— What the task requires —
Report how many lines in the records hold the string "avec"; give the number and nothing else.

[Records from a collection]
>>>

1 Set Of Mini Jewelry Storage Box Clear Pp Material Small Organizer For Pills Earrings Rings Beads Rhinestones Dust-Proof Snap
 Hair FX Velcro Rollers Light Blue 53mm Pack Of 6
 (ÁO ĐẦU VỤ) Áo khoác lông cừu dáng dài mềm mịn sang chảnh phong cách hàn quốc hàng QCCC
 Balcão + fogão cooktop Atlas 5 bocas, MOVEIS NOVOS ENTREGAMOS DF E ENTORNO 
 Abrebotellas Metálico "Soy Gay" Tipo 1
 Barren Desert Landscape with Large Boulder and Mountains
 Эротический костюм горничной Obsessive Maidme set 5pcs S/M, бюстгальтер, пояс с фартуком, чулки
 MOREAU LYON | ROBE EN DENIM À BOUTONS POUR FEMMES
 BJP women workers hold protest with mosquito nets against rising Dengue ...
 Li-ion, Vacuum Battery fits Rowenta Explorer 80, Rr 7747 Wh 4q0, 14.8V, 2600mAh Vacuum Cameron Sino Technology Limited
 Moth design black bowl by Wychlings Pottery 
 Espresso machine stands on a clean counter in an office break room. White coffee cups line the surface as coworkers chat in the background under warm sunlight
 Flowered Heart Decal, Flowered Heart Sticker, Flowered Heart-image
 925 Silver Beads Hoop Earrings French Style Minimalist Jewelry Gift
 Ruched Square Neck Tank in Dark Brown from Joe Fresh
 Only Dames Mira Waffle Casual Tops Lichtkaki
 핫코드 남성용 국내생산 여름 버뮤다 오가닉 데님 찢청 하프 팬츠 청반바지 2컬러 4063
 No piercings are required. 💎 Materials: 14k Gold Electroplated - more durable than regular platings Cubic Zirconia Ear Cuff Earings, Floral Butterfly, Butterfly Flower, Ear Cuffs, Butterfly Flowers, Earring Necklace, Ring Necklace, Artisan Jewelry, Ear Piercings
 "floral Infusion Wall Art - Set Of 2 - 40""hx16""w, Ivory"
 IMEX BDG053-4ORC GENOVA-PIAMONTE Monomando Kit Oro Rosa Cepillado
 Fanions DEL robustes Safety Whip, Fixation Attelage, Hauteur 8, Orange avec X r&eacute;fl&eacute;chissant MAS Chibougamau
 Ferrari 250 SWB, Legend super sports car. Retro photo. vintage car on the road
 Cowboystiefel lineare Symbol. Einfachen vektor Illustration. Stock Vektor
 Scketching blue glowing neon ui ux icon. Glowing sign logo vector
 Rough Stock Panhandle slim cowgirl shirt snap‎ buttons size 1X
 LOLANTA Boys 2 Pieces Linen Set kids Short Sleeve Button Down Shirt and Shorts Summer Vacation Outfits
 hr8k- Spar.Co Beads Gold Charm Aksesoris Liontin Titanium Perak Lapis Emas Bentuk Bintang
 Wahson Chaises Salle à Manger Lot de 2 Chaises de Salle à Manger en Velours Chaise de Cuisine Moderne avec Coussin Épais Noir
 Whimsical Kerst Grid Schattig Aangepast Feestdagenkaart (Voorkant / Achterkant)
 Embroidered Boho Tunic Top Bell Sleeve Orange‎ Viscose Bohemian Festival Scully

<<<

— Problem solution —
2